In the case of math learning (and likely many other subjects as well), no one (not least Shapiro, who is both an academic and a parent of young children) is suggesting throwing the educational baby out with the bathwater. But we do need to recognize that the credit hour is part of the bathwater. Bathwater that has now cooled down over time to the point where we need to pull the plug and let it drain away.

I suspect that for math learning the situation will end up being very reminiscent of the way it changed with the printing press. Just as words and symbols swapped roles, so too I expect math learners will view drip engagement as the primary “delivery” medium and “extended periods of focused thought” as a secondary mode to adopt as and when required—the very opposite of the situation today.

[I’ll leave it to those with expertise in teaching math to younger children to determine how things will go there. In the early stages, education is as much as socialization and learning how to learn, as it is about any particular subject matter content. I do know from observation that elementary school classes today look very different from the way they did when I went through the system, so I suspect elementary school teachers are way ahead of the rest of us educators in adapting to today’s kids.]

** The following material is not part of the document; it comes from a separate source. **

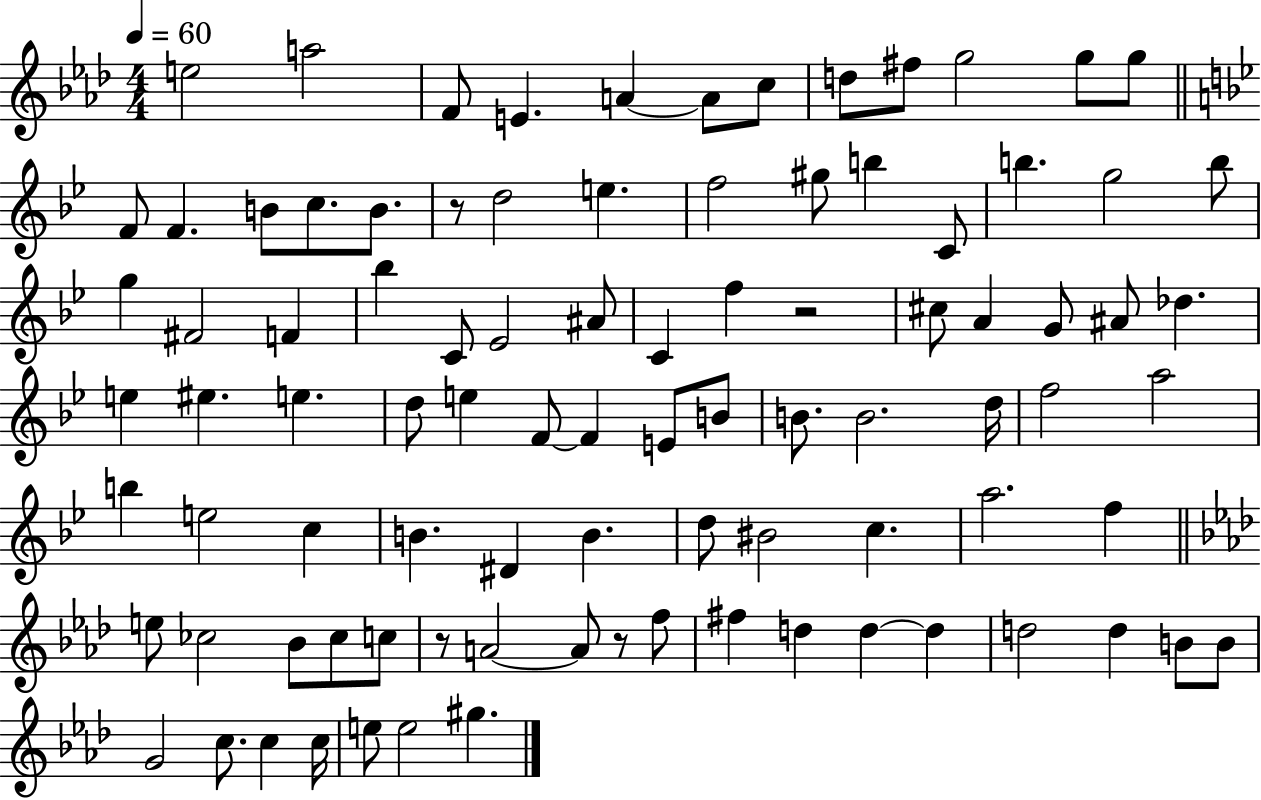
E5/h A5/h F4/e E4/q. A4/q A4/e C5/e D5/e F#5/e G5/h G5/e G5/e F4/e F4/q. B4/e C5/e. B4/e. R/e D5/h E5/q. F5/h G#5/e B5/q C4/e B5/q. G5/h B5/e G5/q F#4/h F4/q Bb5/q C4/e Eb4/h A#4/e C4/q F5/q R/h C#5/e A4/q G4/e A#4/e Db5/q. E5/q EIS5/q. E5/q. D5/e E5/q F4/e F4/q E4/e B4/e B4/e. B4/h. D5/s F5/h A5/h B5/q E5/h C5/q B4/q. D#4/q B4/q. D5/e BIS4/h C5/q. A5/h. F5/q E5/e CES5/h Bb4/e CES5/e C5/e R/e A4/h A4/e R/e F5/e F#5/q D5/q D5/q D5/q D5/h D5/q B4/e B4/e G4/h C5/e. C5/q C5/s E5/e E5/h G#5/q.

I am sure this will all seem very strange to us. We may even think it could not possibly work. But the historical record—and Shapiro gives us a lot of it to reflect on—suggests otherwise. We are not in a unique historical moment.

In the meantime, if today’s math educators want to help prepare the way for tomorrow’s learners, we need to start stripping mathematics down to the individual components and reassembling it in a way that permits learning in a drip-engagement model. For, whether we like it or not, that is the future.